Les génomes de ces volumineux phages sont suffisamment grands pour rivaliser avec ceux des petites bactéries, mais les pandoravirus qui infectent les amibes détiennent toujours le titre du plus grand génome viral avec 2,5 millions de paires de bases.
Selon Sachdeva de l’Innovative Genomics Institute (un institut qui collabore avec l’université de Californie à Berkeley) :
De gros phages ont déjà été découverts, mais il s’agissait de découvertes ponctuelles. Ce que nous avons trouvé dans cette étude, c’est qu’ils sont essentiellement omniprésents. Nous les trouvons partout.
Comme les autres phages, ils injectent leur ADN dans leur hôte bactérien, détournant le matériel de réplication des gènes de la victime pour en faire des copies.
Les chercheurs soupçonnent que pendant ce temps, les géants utilisent également certains de leurs gènes supplémentaires pour faire capoter les premières étapes de la traduction à l’intérieur de la bactérie, et détourner la production de protéines pour répondre à leurs propres besoins. Un tel contrôle de la création de protéines a également été observé dans des virus d’animaux.
Selon Al-Shayeb, les phages géants utilisent leur système CRISPR pour la guerre phage contre phage, en ciblant spécifiquement les virus concurrents qui tentent d’infecter la même bactérie hôte.

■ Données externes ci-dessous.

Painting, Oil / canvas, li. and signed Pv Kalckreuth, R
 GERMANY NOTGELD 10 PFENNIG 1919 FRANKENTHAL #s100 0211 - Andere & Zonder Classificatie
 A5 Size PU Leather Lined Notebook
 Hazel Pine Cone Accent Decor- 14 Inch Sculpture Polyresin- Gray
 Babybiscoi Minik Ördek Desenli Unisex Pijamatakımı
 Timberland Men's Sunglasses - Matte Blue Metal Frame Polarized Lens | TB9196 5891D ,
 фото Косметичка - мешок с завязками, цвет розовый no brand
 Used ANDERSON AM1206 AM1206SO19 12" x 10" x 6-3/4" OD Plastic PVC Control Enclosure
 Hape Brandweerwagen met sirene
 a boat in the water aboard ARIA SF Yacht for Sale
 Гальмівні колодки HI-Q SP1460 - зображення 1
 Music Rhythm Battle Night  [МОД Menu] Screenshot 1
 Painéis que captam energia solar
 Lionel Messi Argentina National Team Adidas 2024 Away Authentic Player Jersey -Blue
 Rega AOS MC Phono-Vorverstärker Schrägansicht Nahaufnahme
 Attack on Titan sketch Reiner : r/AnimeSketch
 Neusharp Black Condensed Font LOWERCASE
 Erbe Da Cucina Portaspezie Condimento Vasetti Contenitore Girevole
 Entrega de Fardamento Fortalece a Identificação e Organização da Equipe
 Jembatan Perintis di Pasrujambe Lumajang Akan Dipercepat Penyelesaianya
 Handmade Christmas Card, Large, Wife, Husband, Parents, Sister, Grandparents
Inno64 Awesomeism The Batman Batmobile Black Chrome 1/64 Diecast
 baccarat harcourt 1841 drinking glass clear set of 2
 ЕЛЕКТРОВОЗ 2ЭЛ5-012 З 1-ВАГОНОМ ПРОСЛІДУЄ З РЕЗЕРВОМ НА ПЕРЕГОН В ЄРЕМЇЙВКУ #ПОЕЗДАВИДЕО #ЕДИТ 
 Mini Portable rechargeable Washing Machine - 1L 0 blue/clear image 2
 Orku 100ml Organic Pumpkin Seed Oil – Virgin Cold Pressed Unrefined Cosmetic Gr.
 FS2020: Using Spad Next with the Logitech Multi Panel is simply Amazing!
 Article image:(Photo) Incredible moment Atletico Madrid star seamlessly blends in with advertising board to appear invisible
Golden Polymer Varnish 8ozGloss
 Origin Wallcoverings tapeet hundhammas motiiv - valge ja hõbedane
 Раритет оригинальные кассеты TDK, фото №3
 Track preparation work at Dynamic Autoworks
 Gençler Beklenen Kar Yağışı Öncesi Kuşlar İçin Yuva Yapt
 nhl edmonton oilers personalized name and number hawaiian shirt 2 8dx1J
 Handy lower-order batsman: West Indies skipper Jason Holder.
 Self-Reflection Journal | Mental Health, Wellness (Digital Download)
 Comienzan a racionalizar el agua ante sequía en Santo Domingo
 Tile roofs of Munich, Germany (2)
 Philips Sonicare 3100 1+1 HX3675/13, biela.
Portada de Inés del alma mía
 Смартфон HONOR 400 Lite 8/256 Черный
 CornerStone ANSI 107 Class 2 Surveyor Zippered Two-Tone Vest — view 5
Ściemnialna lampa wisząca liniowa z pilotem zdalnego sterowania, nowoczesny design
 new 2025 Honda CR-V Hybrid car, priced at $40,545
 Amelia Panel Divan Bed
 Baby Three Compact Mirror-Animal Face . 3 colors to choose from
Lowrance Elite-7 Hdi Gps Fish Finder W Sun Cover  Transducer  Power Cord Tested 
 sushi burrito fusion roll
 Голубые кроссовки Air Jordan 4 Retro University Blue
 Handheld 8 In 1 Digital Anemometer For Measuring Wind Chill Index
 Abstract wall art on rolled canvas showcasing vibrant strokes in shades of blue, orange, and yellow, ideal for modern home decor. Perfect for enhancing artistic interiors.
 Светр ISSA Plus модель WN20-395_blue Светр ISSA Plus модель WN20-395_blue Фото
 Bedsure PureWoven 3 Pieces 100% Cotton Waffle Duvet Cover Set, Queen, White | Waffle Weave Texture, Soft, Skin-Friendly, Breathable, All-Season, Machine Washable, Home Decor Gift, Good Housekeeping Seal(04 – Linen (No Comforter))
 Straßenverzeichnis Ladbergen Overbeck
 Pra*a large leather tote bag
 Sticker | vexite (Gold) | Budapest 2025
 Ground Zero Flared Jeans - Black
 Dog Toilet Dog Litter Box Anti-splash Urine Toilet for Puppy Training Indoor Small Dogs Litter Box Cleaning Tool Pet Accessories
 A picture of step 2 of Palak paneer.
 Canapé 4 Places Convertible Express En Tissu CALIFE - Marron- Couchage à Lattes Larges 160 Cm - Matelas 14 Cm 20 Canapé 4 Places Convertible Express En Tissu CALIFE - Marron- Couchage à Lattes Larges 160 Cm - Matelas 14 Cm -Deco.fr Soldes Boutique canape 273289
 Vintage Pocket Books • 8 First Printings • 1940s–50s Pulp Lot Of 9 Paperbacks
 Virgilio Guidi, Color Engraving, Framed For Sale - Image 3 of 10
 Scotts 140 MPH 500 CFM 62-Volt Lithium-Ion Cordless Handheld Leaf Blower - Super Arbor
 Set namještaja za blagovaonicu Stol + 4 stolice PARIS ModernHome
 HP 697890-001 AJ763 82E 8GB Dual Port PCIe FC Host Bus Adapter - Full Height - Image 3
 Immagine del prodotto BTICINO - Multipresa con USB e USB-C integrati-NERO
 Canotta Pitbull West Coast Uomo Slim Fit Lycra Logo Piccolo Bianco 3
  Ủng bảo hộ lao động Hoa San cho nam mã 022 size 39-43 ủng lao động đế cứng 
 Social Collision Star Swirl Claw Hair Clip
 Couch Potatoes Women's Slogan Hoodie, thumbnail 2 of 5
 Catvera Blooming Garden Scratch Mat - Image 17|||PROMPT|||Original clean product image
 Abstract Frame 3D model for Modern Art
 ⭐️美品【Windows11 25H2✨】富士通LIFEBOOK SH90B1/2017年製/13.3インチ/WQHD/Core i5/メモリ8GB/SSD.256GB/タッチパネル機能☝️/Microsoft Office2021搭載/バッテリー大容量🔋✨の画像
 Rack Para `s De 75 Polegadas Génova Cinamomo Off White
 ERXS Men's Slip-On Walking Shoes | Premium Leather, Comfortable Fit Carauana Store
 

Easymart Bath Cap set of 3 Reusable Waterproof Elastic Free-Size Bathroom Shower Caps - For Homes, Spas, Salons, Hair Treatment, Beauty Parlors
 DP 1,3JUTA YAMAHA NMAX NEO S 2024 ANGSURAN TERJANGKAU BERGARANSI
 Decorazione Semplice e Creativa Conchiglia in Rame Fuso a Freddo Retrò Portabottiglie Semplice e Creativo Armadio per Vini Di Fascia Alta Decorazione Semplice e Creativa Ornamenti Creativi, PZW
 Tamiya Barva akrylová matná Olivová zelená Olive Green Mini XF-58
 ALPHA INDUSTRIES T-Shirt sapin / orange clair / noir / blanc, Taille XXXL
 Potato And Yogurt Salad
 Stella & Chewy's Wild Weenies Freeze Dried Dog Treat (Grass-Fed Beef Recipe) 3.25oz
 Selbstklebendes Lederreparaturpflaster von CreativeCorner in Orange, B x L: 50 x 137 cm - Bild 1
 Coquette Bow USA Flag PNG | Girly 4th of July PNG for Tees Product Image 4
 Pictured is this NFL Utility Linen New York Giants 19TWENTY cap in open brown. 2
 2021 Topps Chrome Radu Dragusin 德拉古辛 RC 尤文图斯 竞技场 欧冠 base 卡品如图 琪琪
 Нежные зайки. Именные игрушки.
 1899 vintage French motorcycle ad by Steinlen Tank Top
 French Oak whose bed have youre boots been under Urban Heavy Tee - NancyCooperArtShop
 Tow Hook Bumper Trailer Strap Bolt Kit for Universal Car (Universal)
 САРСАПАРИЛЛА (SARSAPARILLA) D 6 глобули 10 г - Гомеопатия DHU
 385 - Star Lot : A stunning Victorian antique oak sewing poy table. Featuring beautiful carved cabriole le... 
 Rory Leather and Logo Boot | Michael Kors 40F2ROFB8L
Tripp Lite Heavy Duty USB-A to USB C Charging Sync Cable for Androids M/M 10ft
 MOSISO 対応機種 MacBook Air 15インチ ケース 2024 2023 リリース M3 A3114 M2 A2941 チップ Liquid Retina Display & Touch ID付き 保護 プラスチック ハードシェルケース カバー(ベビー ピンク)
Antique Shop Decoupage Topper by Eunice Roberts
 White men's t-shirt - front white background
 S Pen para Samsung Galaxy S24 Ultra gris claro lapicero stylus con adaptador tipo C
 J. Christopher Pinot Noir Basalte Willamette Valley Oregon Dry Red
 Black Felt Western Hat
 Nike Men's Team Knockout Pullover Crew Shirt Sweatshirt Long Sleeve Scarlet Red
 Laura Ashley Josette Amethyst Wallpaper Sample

Une étude publiée l’année dernière montre comment certains phages utilisent ce système pour contrecarrer les mesures anti-phages que leur bactérie hôte peut déployer.
A partir de l’étude, un énorme phage (sujet 26) infectant une bactérie et manipulant sa réponse à d’autres phages. (Jill Banfield Lab/ UC Berkeley)
Selon Banfield de l’Innovative Genomics Institute :
Le sentiment que nous avons en regardant ces grands génomes est que les phages ont acquis beaucoup de gènes et de voies différentes, dont certains sont prévisibles, d’autres non, pour avoir vraiment pris le contrôle de la fonction des hôtes bactériens pendant l’infection.
À mesure que nous en apprenons davantage sur les liens entre notre santé physique et mentale et les microbes avec lesquels nous partageons notre corps et notre environnement, il est clair que ce qui les affecte peut aussi avoir un profond impact sur nous.
Selon Al-Shayeb :
Les phages sont également connus pour transférer les gènes des toxines bactériennes et de la résistance aux antibiotiques entre les bactéries, qui contribuent à la maladie.
Comme nous avons des bactéries à la fois nocives et utiles qui vivent sur nous et en nous, il est très utile de comprendre quels types de phages coexistent avec eux chez les humains et les animaux et comment ils affectent ces environnements.
L’étude publiée dans Nature : Clades of huge phages from across Earth’s ecosystems et présentée sur le site de l’université de Californie à Berkeley : Huge bacteria-eating viruses narrow gap between life and non-life.